Segment Open
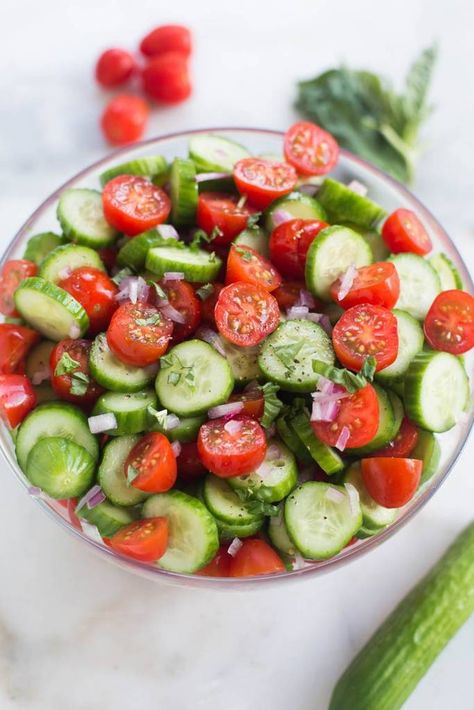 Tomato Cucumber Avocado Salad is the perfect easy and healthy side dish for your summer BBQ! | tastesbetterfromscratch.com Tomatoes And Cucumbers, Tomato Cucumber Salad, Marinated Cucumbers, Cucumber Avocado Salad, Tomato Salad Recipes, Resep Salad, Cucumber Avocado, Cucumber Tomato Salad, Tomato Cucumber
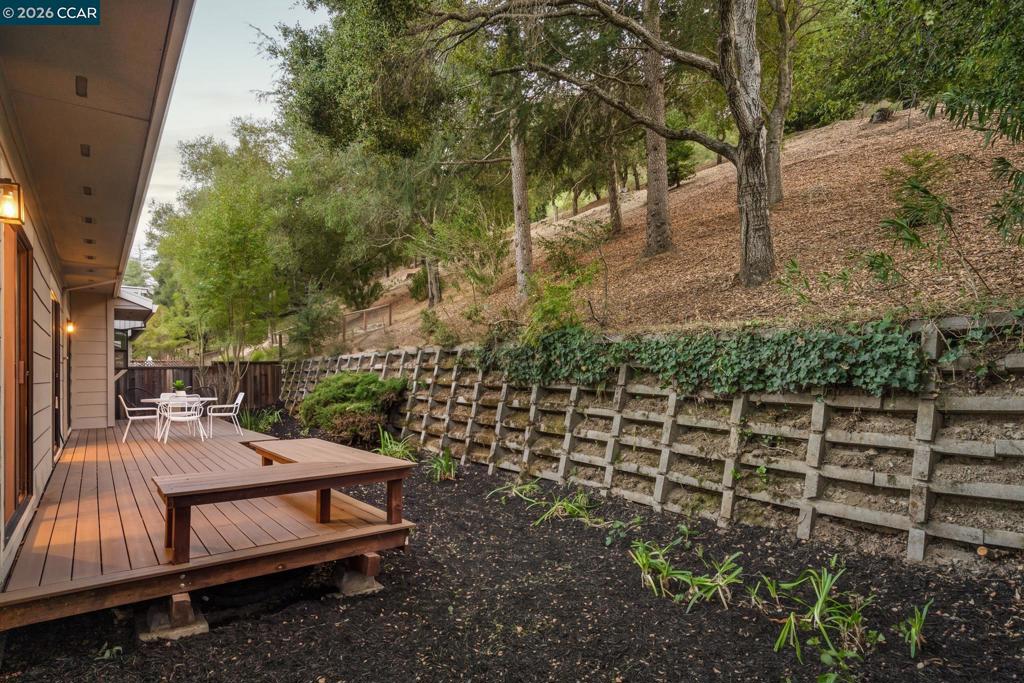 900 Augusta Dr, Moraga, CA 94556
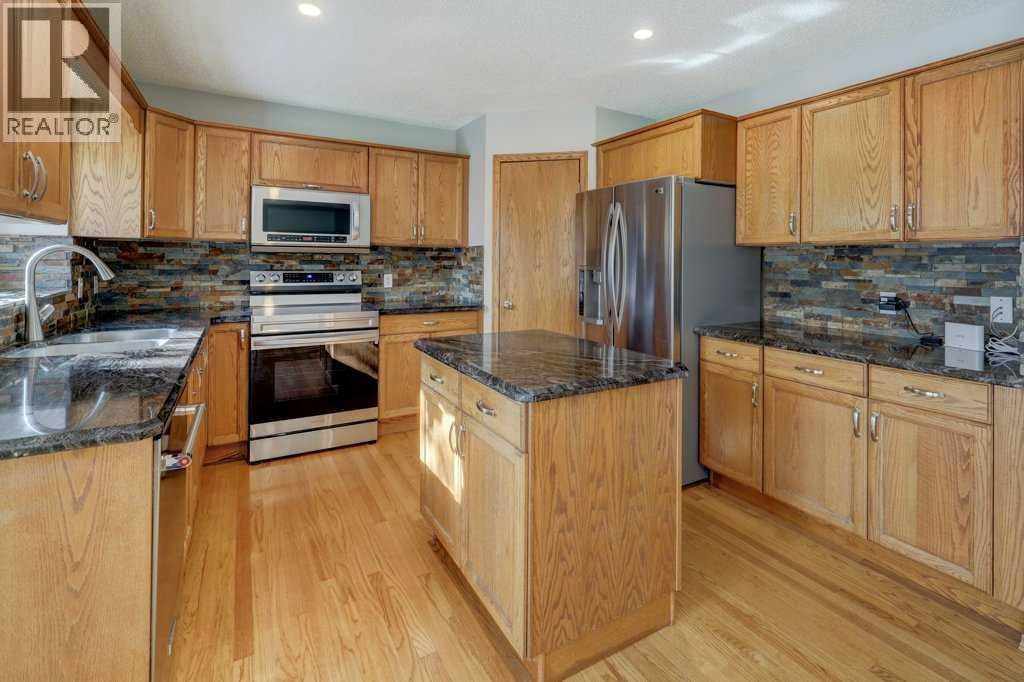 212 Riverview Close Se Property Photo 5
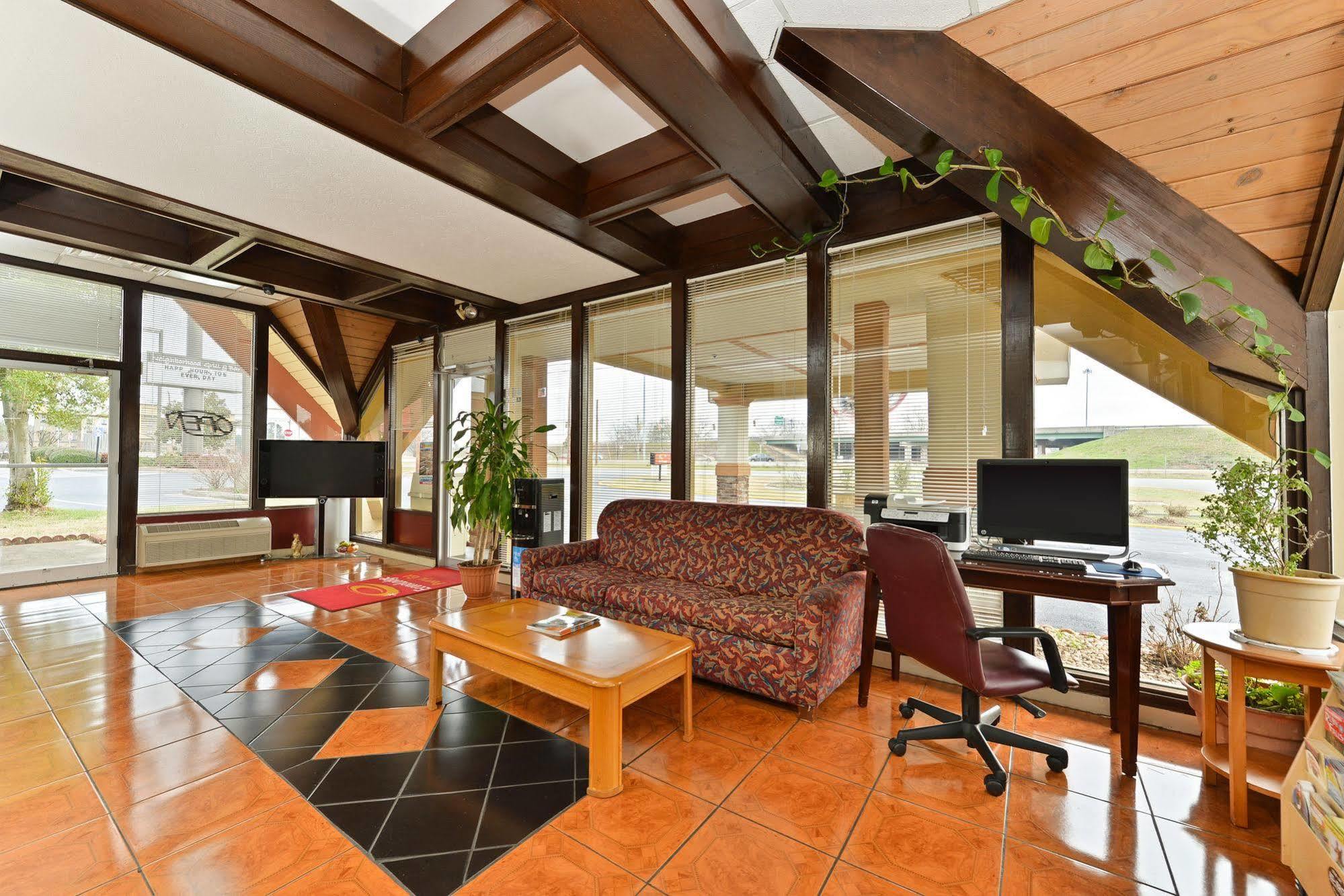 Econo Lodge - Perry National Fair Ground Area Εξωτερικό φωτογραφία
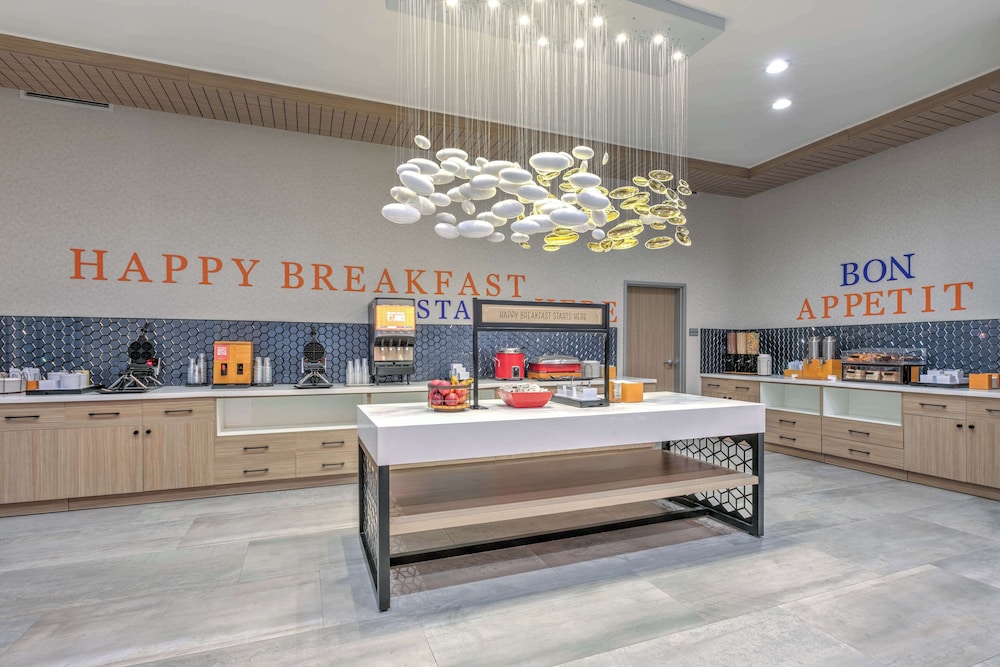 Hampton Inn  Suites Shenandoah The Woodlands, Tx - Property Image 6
Segment Closed
Segment Open
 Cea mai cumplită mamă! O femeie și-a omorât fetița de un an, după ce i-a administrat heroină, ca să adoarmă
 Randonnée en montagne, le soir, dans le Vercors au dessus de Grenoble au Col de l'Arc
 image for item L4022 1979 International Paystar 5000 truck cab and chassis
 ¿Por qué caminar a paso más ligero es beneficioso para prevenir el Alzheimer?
Segment Closed
Segment Open
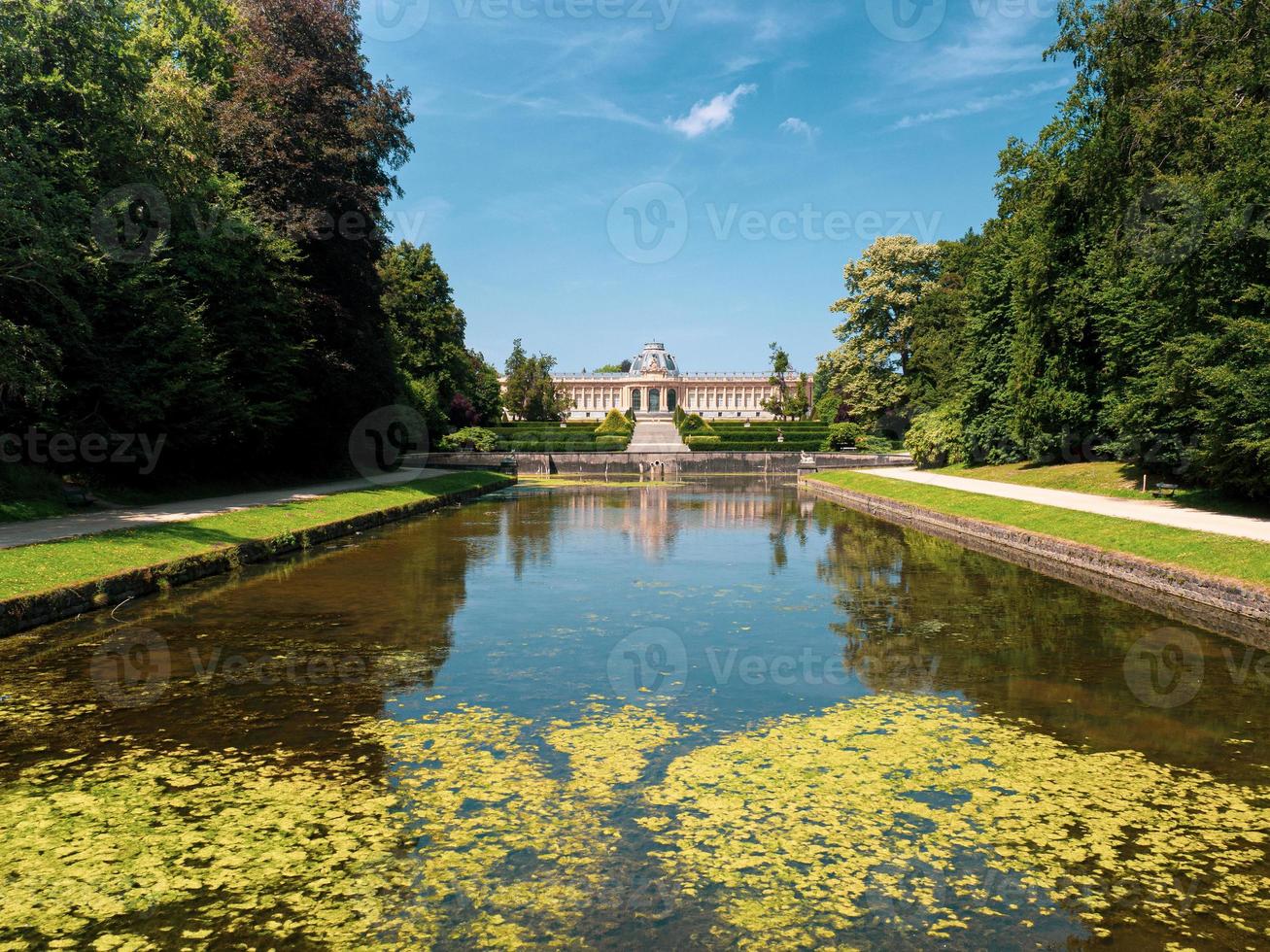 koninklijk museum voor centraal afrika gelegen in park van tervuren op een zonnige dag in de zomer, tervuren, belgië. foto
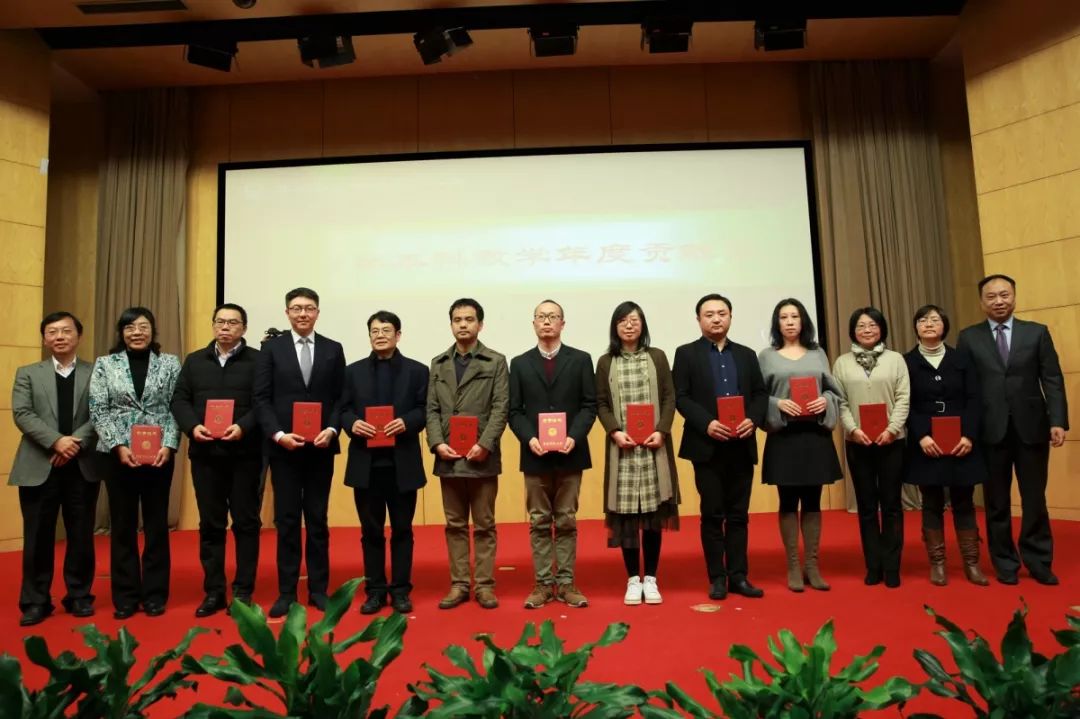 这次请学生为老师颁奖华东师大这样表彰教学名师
Segment Closed
__AIM OF THE TASK__. Starting at the line with "212 Riverview Close Se Property Photo 5" and finishing at the line with "Property Image 6", copy the material above exactly, both lines included. Nothing else goes in, and no pictures.

__RESPONSE TO THIS TASK__.
 212 Riverview Close Se Property Photo 5
 Econo Lodge - Perry National Fair Ground Area Εξωτερικό φωτογραφία
 Hampton Inn  Suites Shenandoah The Woodlands, Tx - Property Image 6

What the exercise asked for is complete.